# archery shops



## PA3-DArcher4 (Nov 5, 2008)

anyone with Mathews!


----------



## tylerolsen12 (Feb 8, 2007)

PA3-DArcher4 said:


> anyone with Mathews!


i hope your joking lol thats pretty bad if its a good shop just because it has mathews


----------



## Noah2016 (Feb 19, 2008)

anywere that carrys hoyts


----------



## huntfish25 (May 29, 2004)

i dont think it the shop it the person

i like macrotech IN MARYLAND len the owner. he know his stuff, if you have a problem he can tell you what it is. he not cheap but anybody good is not cheap. 

another one was K & l ARCHERY IN DE. BUT THEY ARE NO LONGER OPEN THE PERSON WAS KAREN SHE WAS GOOD ALSO


----------



## PA3-DArcher4 (Nov 5, 2008)

archerykid12 said:


> i hope your joking lol thats pretty bad if its a good shop just because it has mathews




why is that?


----------



## tylerolsen12 (Feb 8, 2007)

PA3-DArcher4 said:


> why is that?


its just pretty pathetic that your one thing that makes a proshop good is that they carry a certain brand of bow


----------



## PA3-DArcher4 (Nov 5, 2008)

archerykid12 said:


> its just pretty pathetic that your one thing that makes a proshop good is that they carry a certain brand of bow



apparently Me and Noah2016 would, he said if they carry Hoyts he would go to it, and I said if they have Mathews


----------



## PA3-DArcher4 (Nov 5, 2008)

Im just saying I would go in if they have Mathews, Im not saying it makes it good!


----------



## tylerolsen12 (Feb 8, 2007)

PA3-DArcher4 said:


> Im just saying I would go in if they have Mathews, Im not saying it makes it good!


ok i will just let it go


----------



## PA3-DArcher4 (Nov 5, 2008)

same here


----------



## hoytarchery999 (Nov 18, 2008)

the best archery shop ive ever been in is Lancaster Archery Supply i was just there thisafternoon when my dad go his new Reflex Charger for hunting and i got my new Hoyt Seven 37 three weeks ago thyre about an hour away from me but worth the drive they have everything you could possibly want and i mean anything


----------



## PA3-DArcher4 (Nov 5, 2008)

I'd like to go there sometime.


----------



## hoytarchery999 (Nov 18, 2008)

PA3-DArcher4 said:


> I'd like to go there sometime.


its worth the drive they have everything take your bow along and shoot inside their showroom like i did this morning


----------



## PA3-DArcher4 (Nov 5, 2008)

does it cost anything?


----------



## RecurveArcher99 (Mar 18, 2008)

Bukeys, in Duncan BC....Tyee marine is ight, but it only really suplys for compound huning


----------



## Xcreekarchery1 (Aug 7, 2007)

the lake oconee shooting club pro shop, it very pretty. another is custom archery center, its small but the people there are great.


----------



## bowboy0 (May 19, 2007)

Realy a big fan of Griswold Archery.

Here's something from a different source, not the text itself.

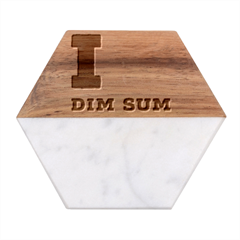 I Love Dim Sum Marble Wood Coaster (hexagon)  by ilovewhateva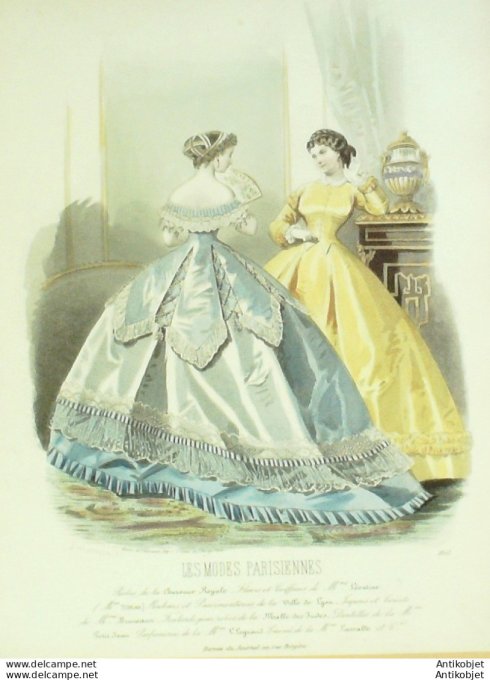 Gravure Les Modes Parisiennes 1864 #1152 Robes d'intérieur Cie Royale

I started shooting/working for him 1 and a half years ago and we have grown to be the best of friends. Once you get in there and get introduced it is as if we have known you for along time. We pride ourselves in our customer service and the qualitie of products we sell.

Jake


----------



## hoytarchery999 (Nov 18, 2008)

PA3-DArcher4 said:


> does it cost anything?


yea there is a cost but i forget what it is because when i shot yesterday morning they just said go ahead and shoot since my dad was buying a bow from them and i had too wait for them too set it up.


----------



## master hunter (Oct 9, 2007)

my dads and now that he is the archery manager at sportsmans ware house then sportsmans is the next best.


----------



## kaibab-hunter74 (Dec 11, 2006)

master hunter said:


> my dads and now that he is the archery manager at sportsmans ware house then sportsmans is the next best.


my experience with sportsmans warehouse has been horrible. they are not archery officials and will do anything to make a buck. i will never have my bow serviced by them again.


----------



## Walleye Joe (Nov 2, 2003)

I don't think there is a "bad" archery shop!


----------



## PA3-DArcher4 (Nov 5, 2008)

Walleye Joe said:


> I don't think there is a "bad" archery shop!


true!


----------



## CA_Rcher12 (Oct 28, 2004)

Performance Bowhunting here in San Diego. Real great guys.


----------



## master hunter (Oct 9, 2007)

kaibab-hunter74 said:


> my experience with sportsmans warehouse has been horrible. they are not archery officials and will do anything to make a buck. i will never have my bow serviced by them again.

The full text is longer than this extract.